Non così eticamente è stato quando la Corte distrettuale del Wisconsin ha definitivamente chiuso il cosiddetto “caso più emblematico di insabbiamento” da parte della Chiesa cattolica, ovvero il “caso Murphy”, in cui sono stati voluti coinvolgere Benedetto XVI, i cardinali Tarcisio Bertone e Angelo Sodano. “Il Fatto Quotidiano” attraverso il vaticanista Marco Politi ha usato fiumi di inchiostro per accusare Ratzinger di insabbiamenti. Eppure quando è emersa la notizia del ritiro di tutte le accuse («perché sapevano che avrebbero perso se avessero continuato a perseguire il caso e non volevano una pronuncia negativa da parte del giudice», ha spiegato l’avvocato della Santa Sede, Jeffrey S. Lena) né “Il Fatto”, né il vaticanista Politi hanno voluto parlarne, nemmeno un accenno, al contrario degli altri quotidiani e vaticanisti. Lo stesso per quanto riguarda anche l’ultima causa intentata contro la Santa Seda per casi di pedofilia negli Stati Uniti, riguardante Andrew Ronan, la quale è stata archiviata. Anche in questo caso Marco Politi nel 2010 condannava la Santa Sede a causa dei «trasferimenti omertosi del prete-predatore Andrew Ronan», ma poi non ha voluto informare sul fatto che la giustizia americana ha accertato la non colpevolezza del Vaticano. Proprio lo stesso vaticanista che qualche tempo dopo firmava un articolo sull’etica giornalistica e il dovere di informare correttamente i lettori. «C’è anche spazio per l’errore umano, e allora il giornalista rettifica», scriveva. Ancora si attende la rettifica delle sue accuse all’odiato Ratzinger.

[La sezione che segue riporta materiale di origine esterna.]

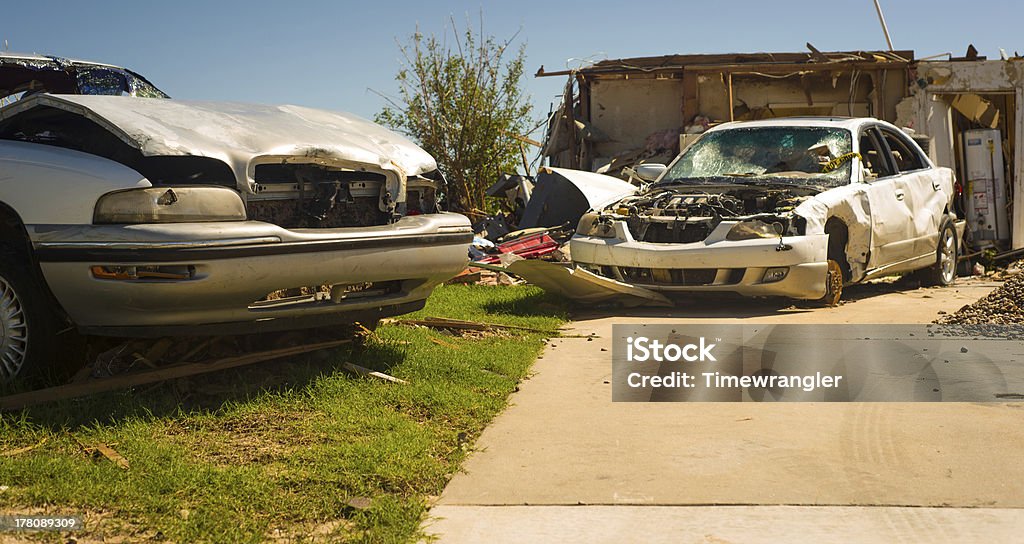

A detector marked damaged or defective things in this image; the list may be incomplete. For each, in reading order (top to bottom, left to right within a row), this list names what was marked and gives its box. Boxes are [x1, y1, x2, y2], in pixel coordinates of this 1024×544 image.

La pedofilia è una scusa, l’obiettivo mediatico è colpire la Chiesa. Se davvero l’attenzione fosse sulla tutela dell’infanzia e la persecuzione di quell’orrendo crimine qual è la pedofilia, “Il Fatto Quotidiano” non elogerebbe Roman Polansky, arrestato per lo stupro di una ragazzina di tredici anni e non avrebbe come collaboratore e articolista Aldo Busi, autore di dichiarazioni definite dall’Osservatorio per i Minori “pro-pedofilia” e, secondo “Repubblica”, “legittimatore dei pedofili”. Nel dibattito sui preti pedofili c’è un compiacimento anticattolico e anticlericale che tende a censurare le notizie, gonfiare i dati e ignorare le precisazioni del “Telefono Azzurro”: «Passa l’idea, nell’opinione pubblica, che si tratti di un fenomeno circoscritto a determinati ambiti che di volta in volta finiscono alla ribalta della cronaca (come la scuola o la Chiesa), o specifiche realtà di degrado sociale; mentre i dati ci dicono chiaramente che si tratta di un fenomeno pervasivo, che purtroppo è presente in tutti i contesti nei quali siano presenti bambini». Nell’80% i casi di pedofilia, ad esempio, avvengono ad opera di un parente non celibe: genitori, convivente, nonni o zii.